▶ _TRY IT_: The whole listing below, with no pictures, is to be repeated as it stands.

▶ _PROVIDED DATA_:
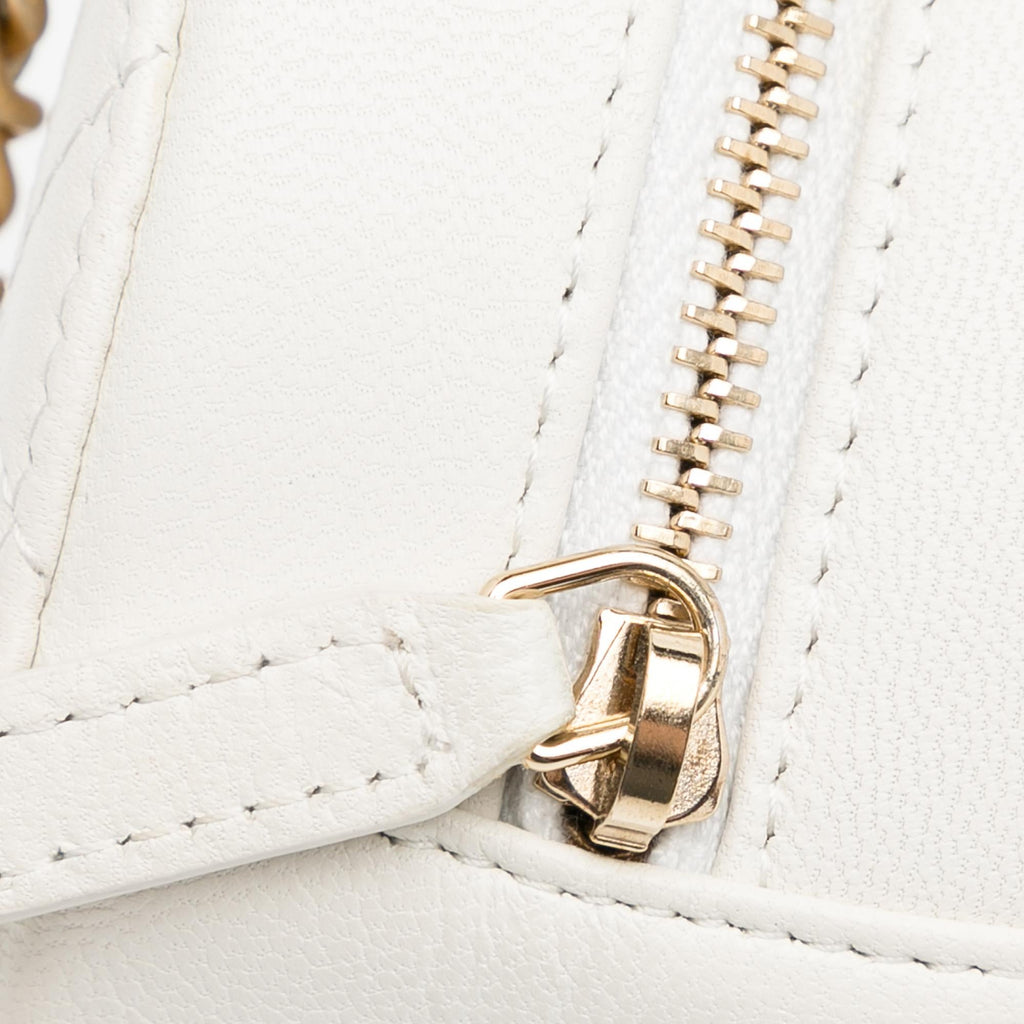 Chanel Lambskin Pearl Round Clutch with Chain (SHG-eBDOPl)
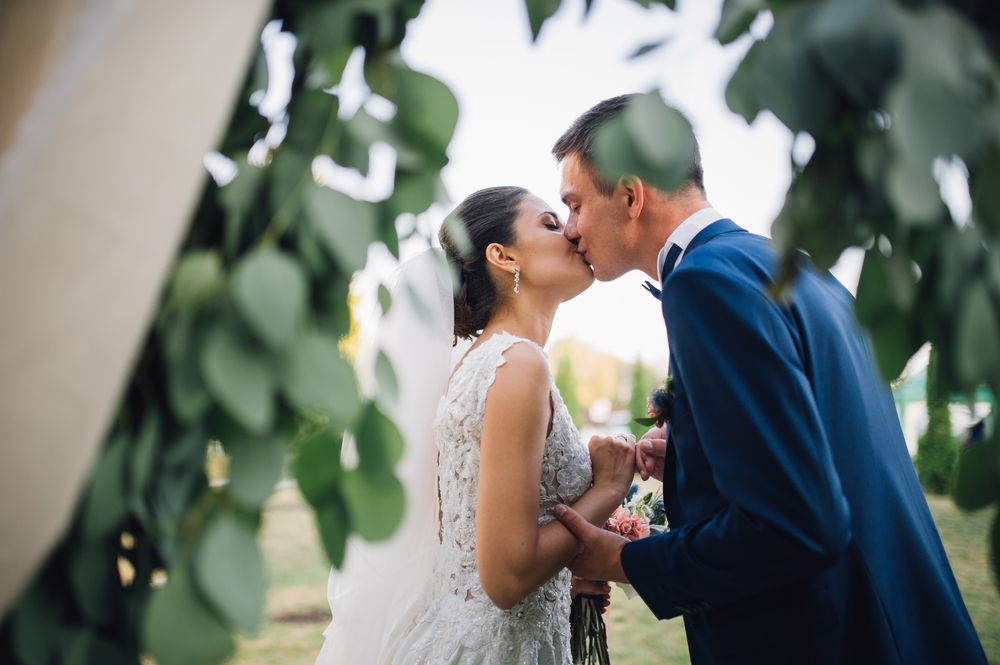 Big Dreams…Small Budget: How to Host a Haute Long Island Wedding While Counting Costs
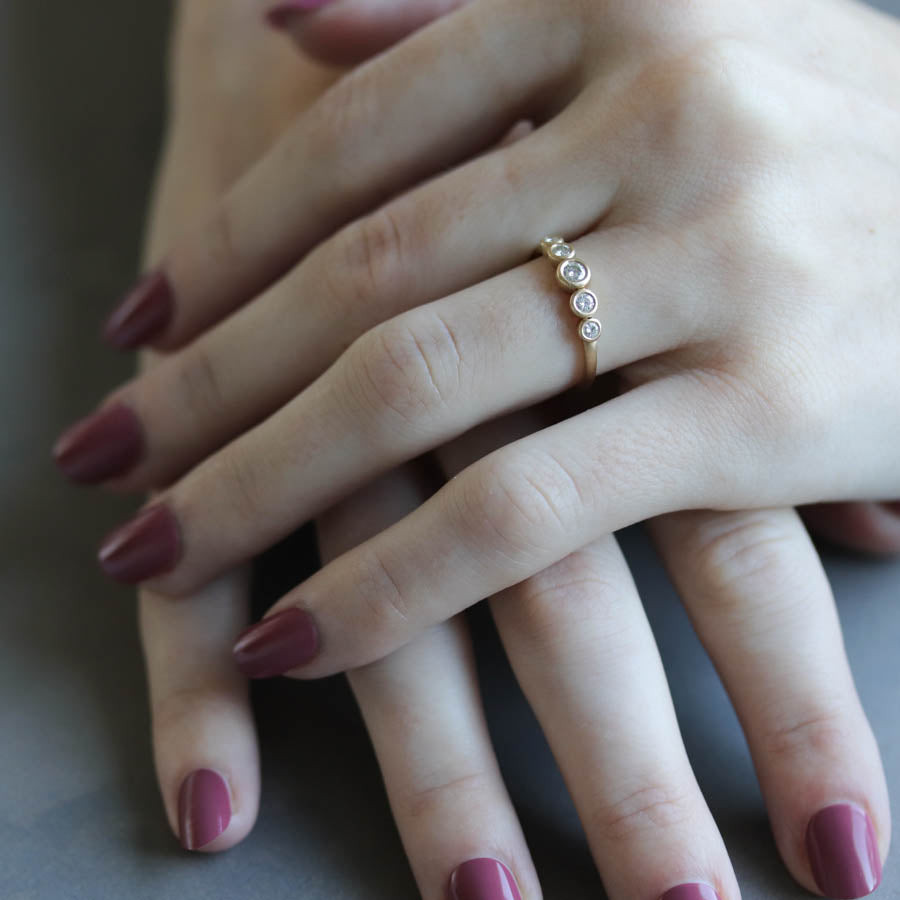 Five Stone Ring, Women's Wedding Band - Aide-mémoire Jewelry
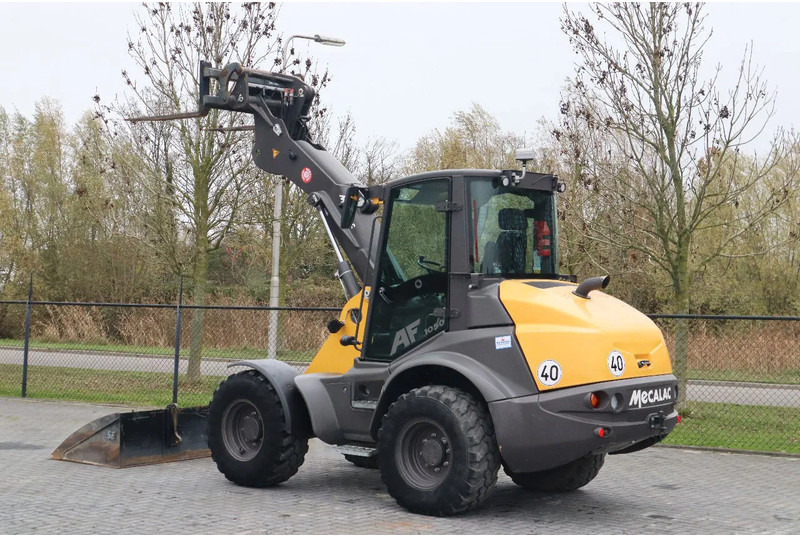 Mecalac AF 1050 | BUCKET | FORKS | HYDR. QUICK COUPLER - מעמיס גלגלים: תמונה 3 Mecalac AF 1050 | BUCKET | FORKS | HYDR. QUICK COUPLER - מעמיס גלגלים: תמונה 3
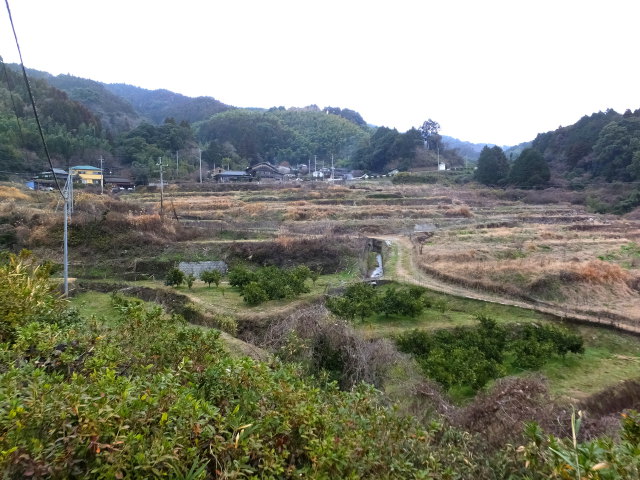 山里の冬景色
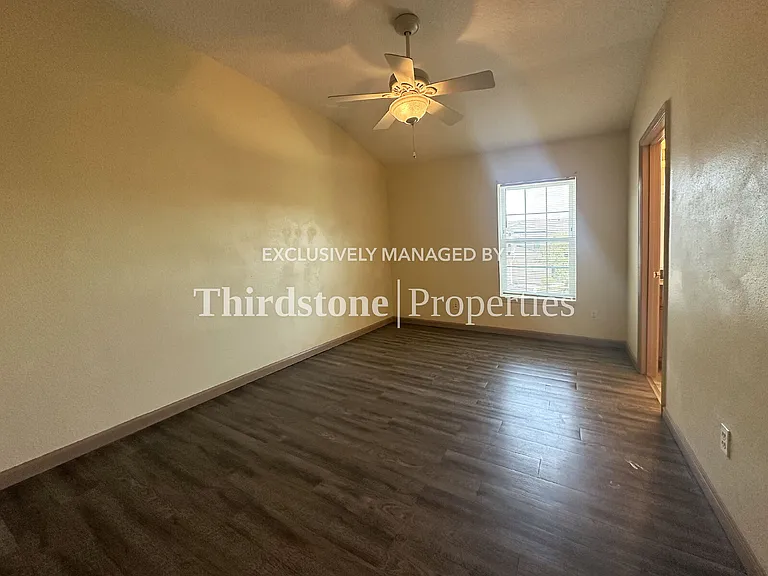 1660 Biscayne Bay Cir — Photo 17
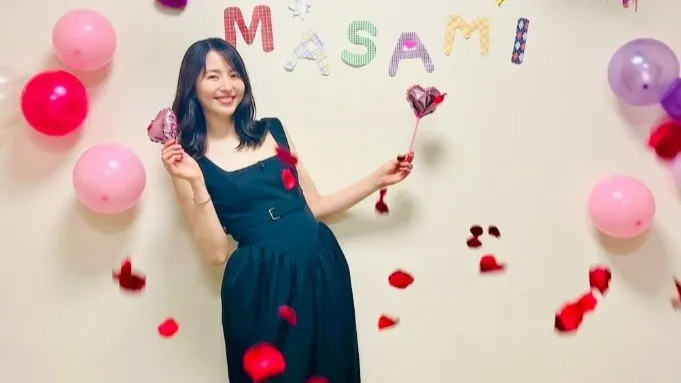 【長澤まさみ】　黒ドレス姿で「HAPPY BIRTHDAY」マネージャーが公式Xで赤い花びらが舞い上がる誕生日ショット公開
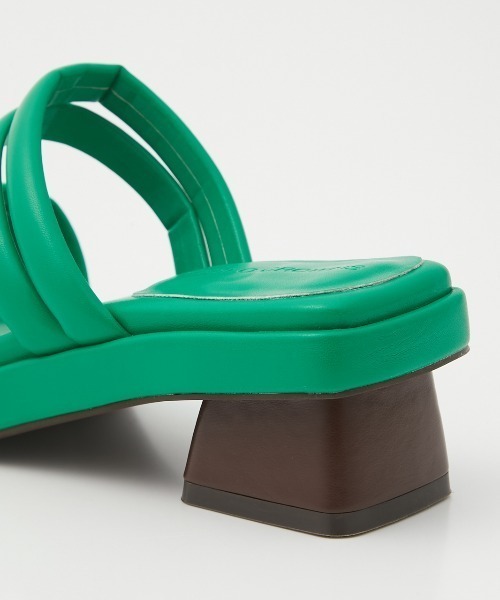 RODEO CROWNS WIDE BOWL（ロデオクラウンズワイドボウル）の「CODE SANDALS（サンダル・レディース・ブラック/グリーン/クリア・LARGE/MEDIUM）」の7枚目の写真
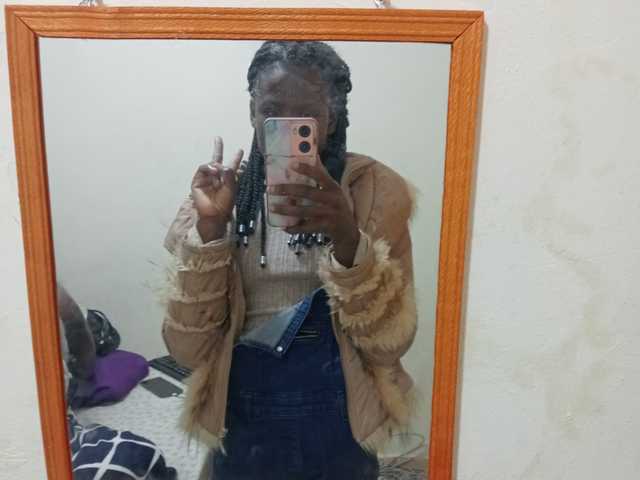 Profilin fotoğrafı Sexycharlet43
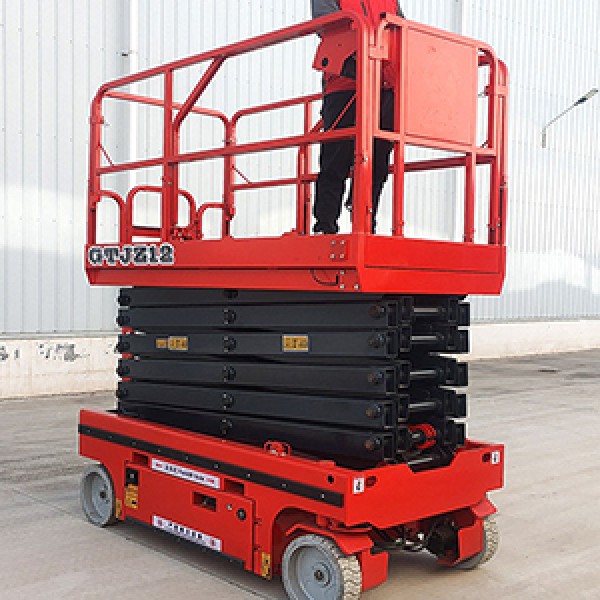 岳塘自行走升降机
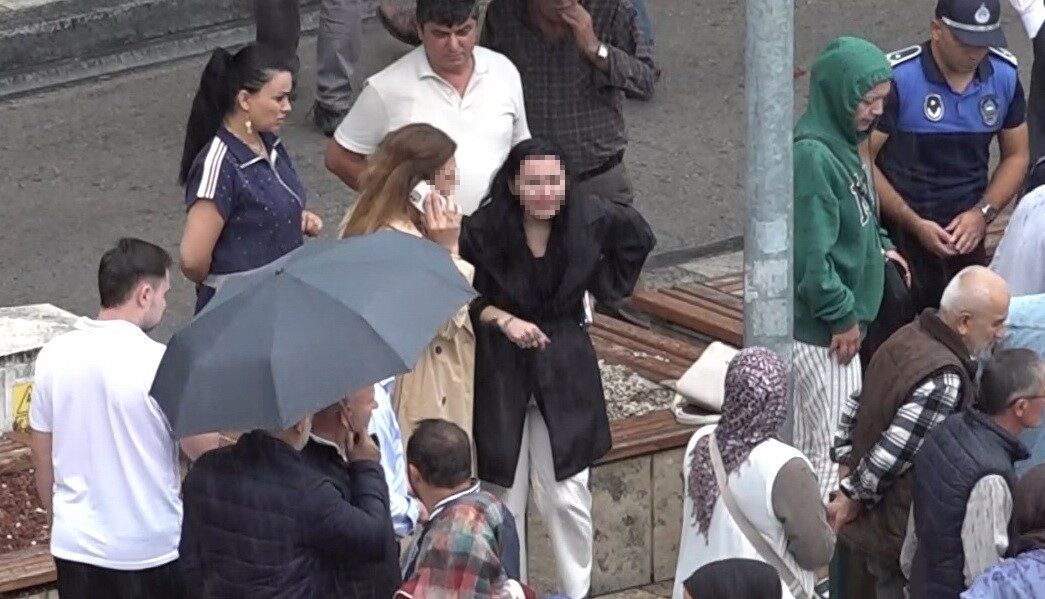 Samsun Cumhuriyet Meydanı’nda “bakma ve laf atma” meselesi nedeniyle çıkan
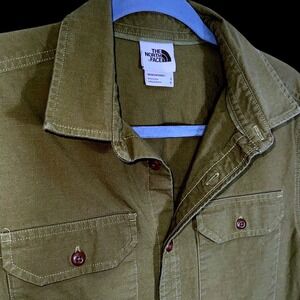 The North Face Mens S Battlement Utility Button Up Shirt Olive Green Long Sleeve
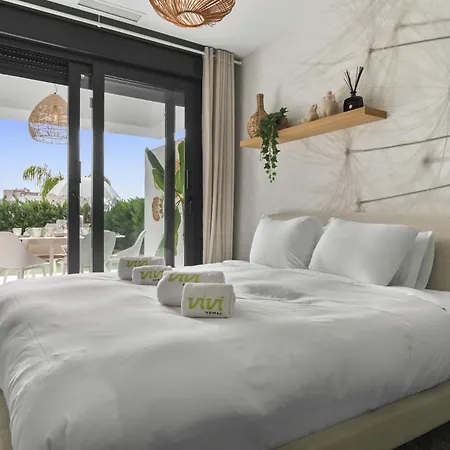 Apartment Vivi Homes - Sublime Close To The Beach, Garden, Pool & Hot Tub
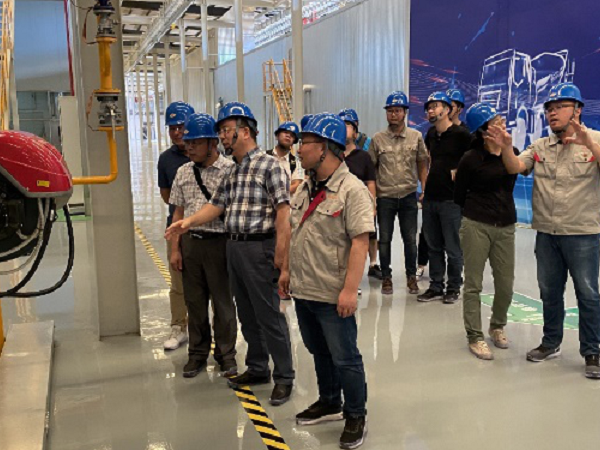 重量級嘉賓到訪，凌宇新產(chǎn)線再獲點贊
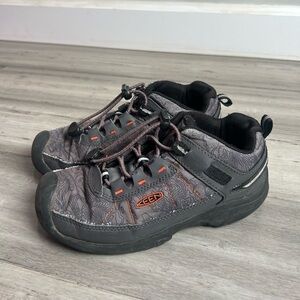 KEEN Kids' Charcoal Outdoor Shoes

▶ _EXERCISE ANSWER_:
 Chanel Lambskin Pearl Round Clutch with Chain (SHG-eBDOPl)
 Big Dreams…Small Budget: How to Host a Haute Long Island Wedding While Counting Costs
 Five Stone Ring, Women's Wedding Band - Aide-mémoire Jewelry
 Mecalac AF 1050 | BUCKET | FORKS | HYDR. QUICK COUPLER - מעמיס גלגלים: תמונה 3 Mecalac AF 1050 | BUCKET | FORKS | HYDR. QUICK COUPLER - מעמיס גלגלים: תמונה 3
 山里の冬景色
 1660 Biscayne Bay Cir — Photo 17
 【長澤まさみ】　黒ドレス姿で「HAPPY BIRTHDAY」マネージャーが公式Xで赤い花びらが舞い上がる誕生日ショット公開
 RODEO CROWNS WIDE BOWL（ロデオクラウンズワイドボウル）の「CODE SANDALS（サンダル・レディース・ブラック/グリーン/クリア・LARGE/MEDIUM）」の7枚目の写真
 Profilin fotoğrafı Sexycharlet43
 岳塘自行走升降机
 Samsun Cumhuriyet Meydanı’nda “bakma ve laf atma” meselesi nedeniyle çıkan
 The North Face Mens S Battlement Utility Button Up Shirt Olive Green Long Sleeve
 Apartment Vivi Homes - Sublime Close To The Beach, Garden, Pool & Hot Tub
 重量級嘉賓到訪，凌宇新產(chǎn)線再獲點贊
 KEEN Kids' Charcoal Outdoor Shoes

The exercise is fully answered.